Aim of the exercise: Return exactly, with nothing added, the lines from the one that contains "Sunlit breakfast nook" through the end of the listing below, pictures excluded.

Listed entries:
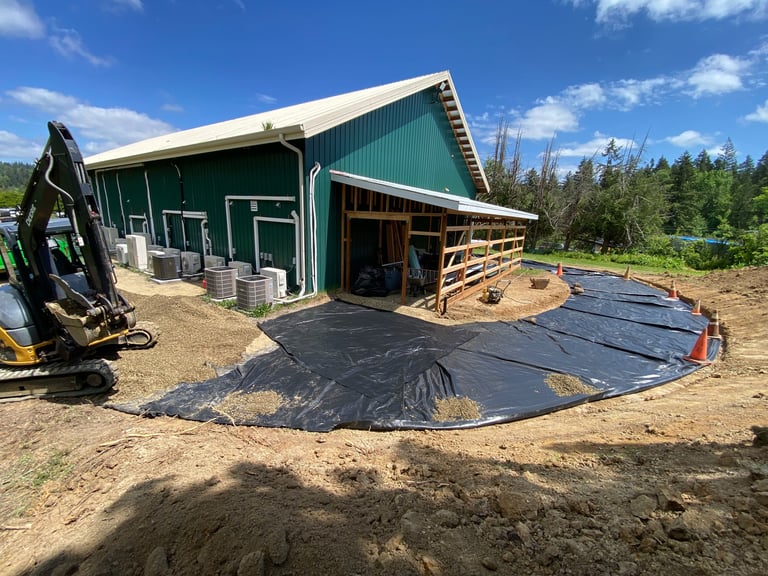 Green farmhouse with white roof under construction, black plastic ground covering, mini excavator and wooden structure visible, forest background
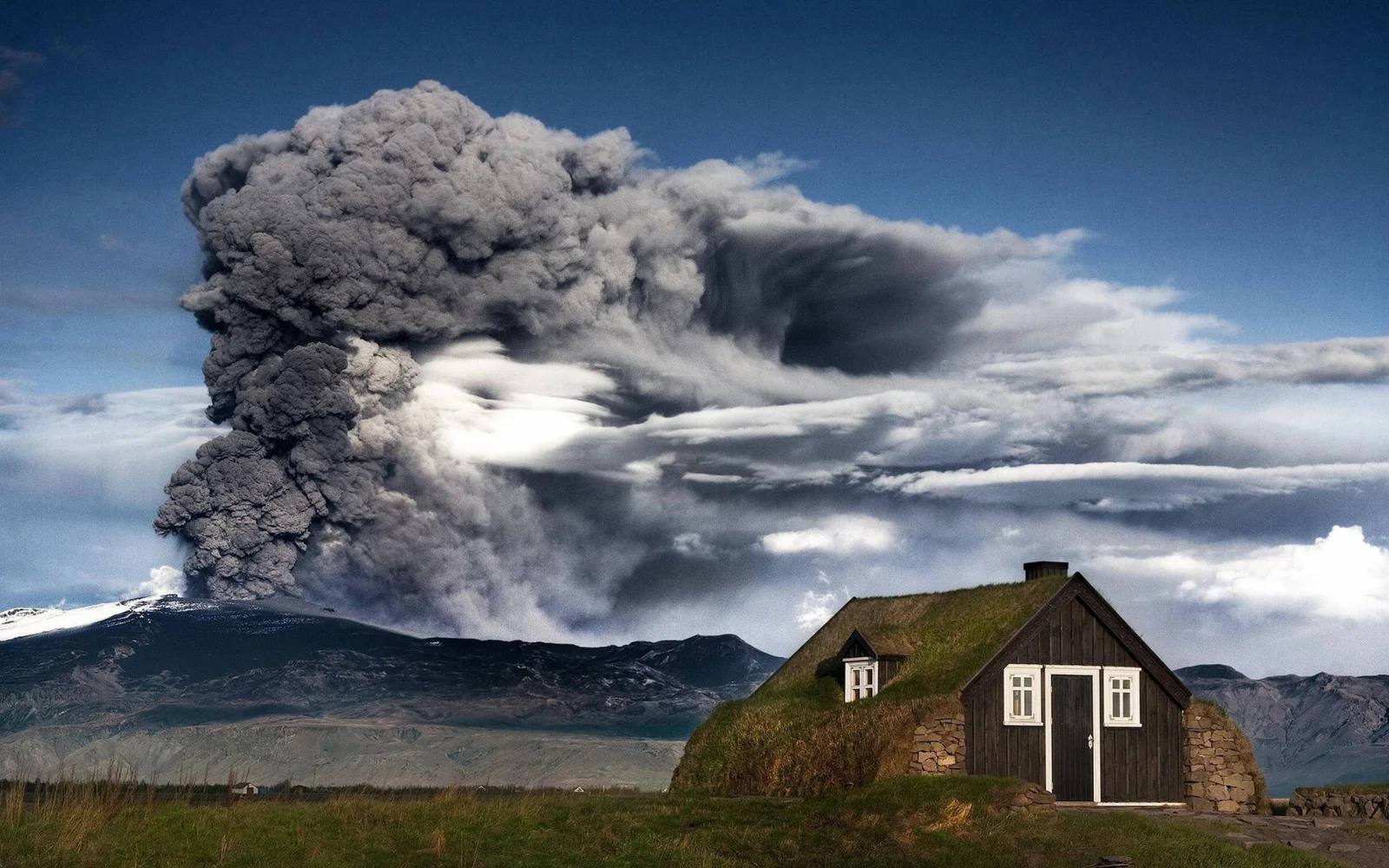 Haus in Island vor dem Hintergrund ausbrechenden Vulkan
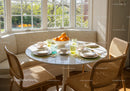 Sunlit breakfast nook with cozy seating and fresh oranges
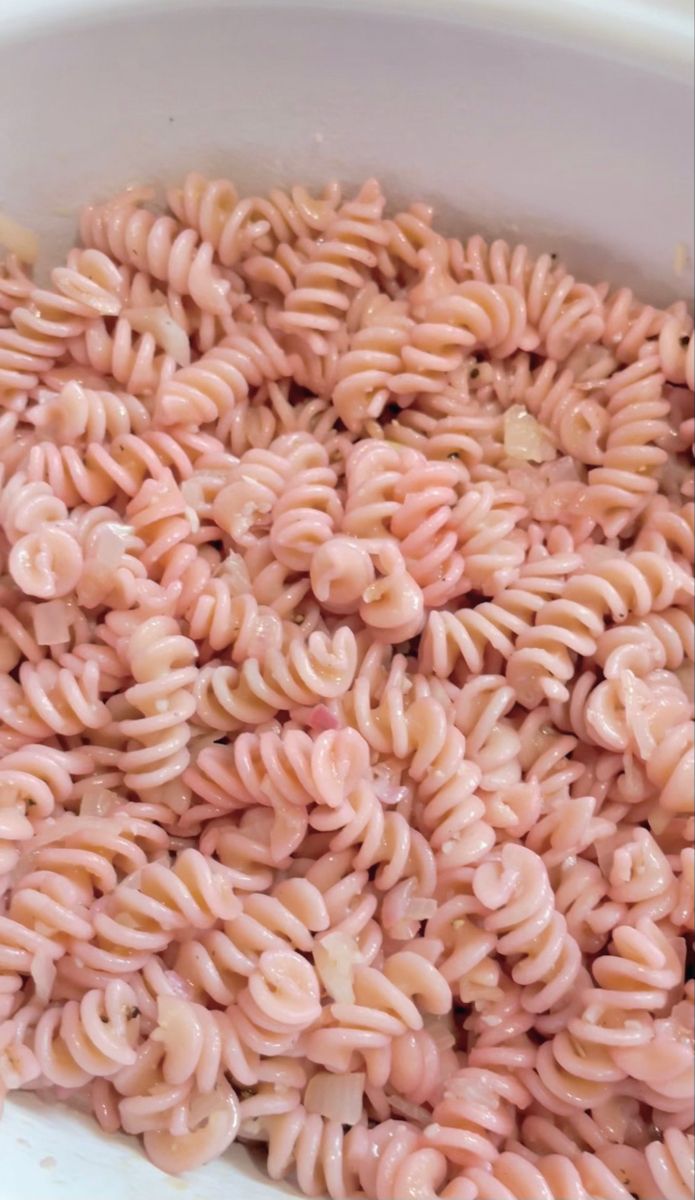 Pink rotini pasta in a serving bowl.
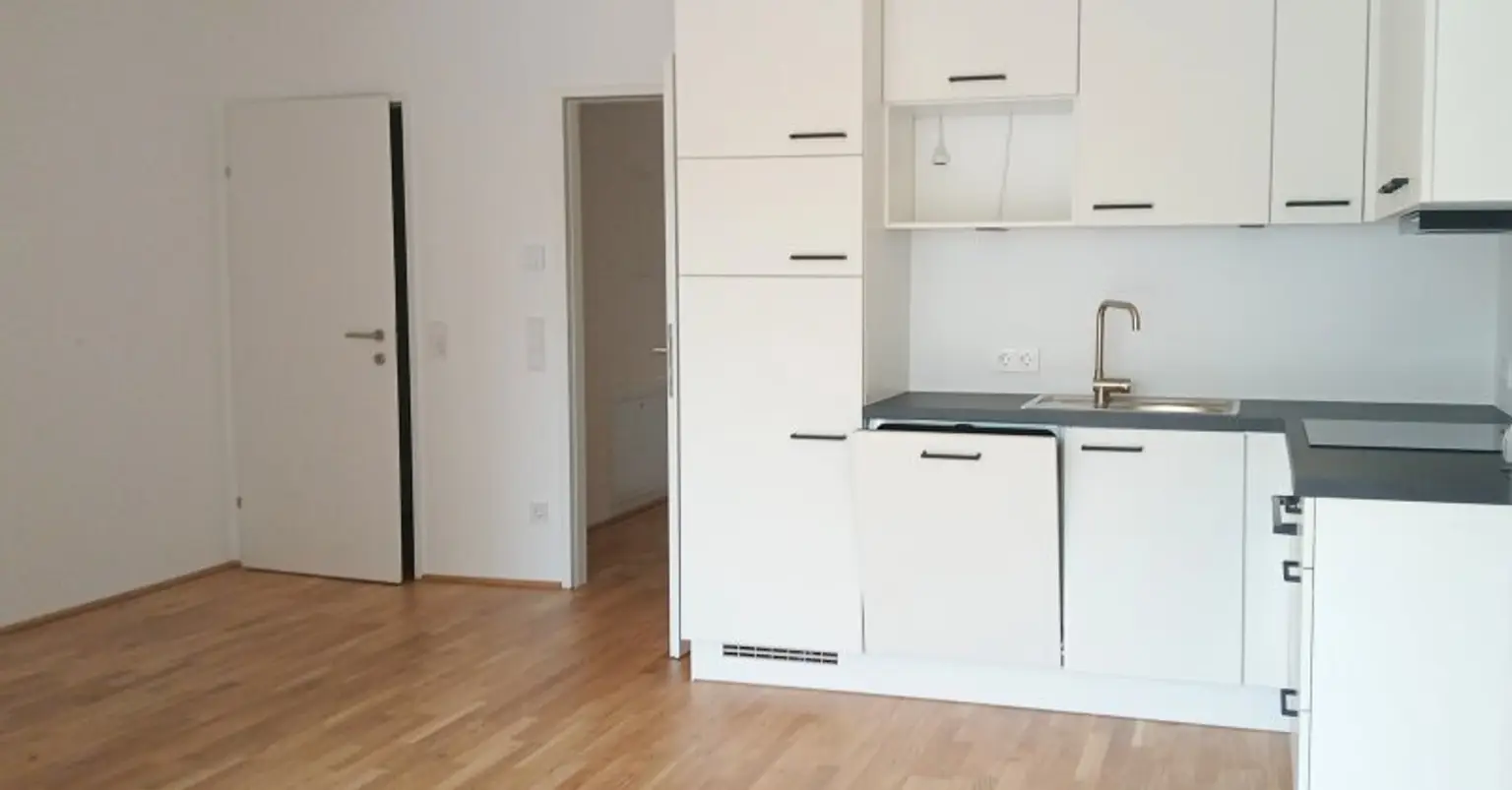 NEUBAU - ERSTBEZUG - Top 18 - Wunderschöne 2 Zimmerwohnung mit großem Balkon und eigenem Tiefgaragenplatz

Result:
 Sunlit breakfast nook with cozy seating and fresh oranges
 Pink rotini pasta in a serving bowl.
 NEUBAU - ERSTBEZUG - Top 18 - Wunderschöne 2 Zimmerwohnung mit großem Balkon und eigenem Tiefgaragenplatz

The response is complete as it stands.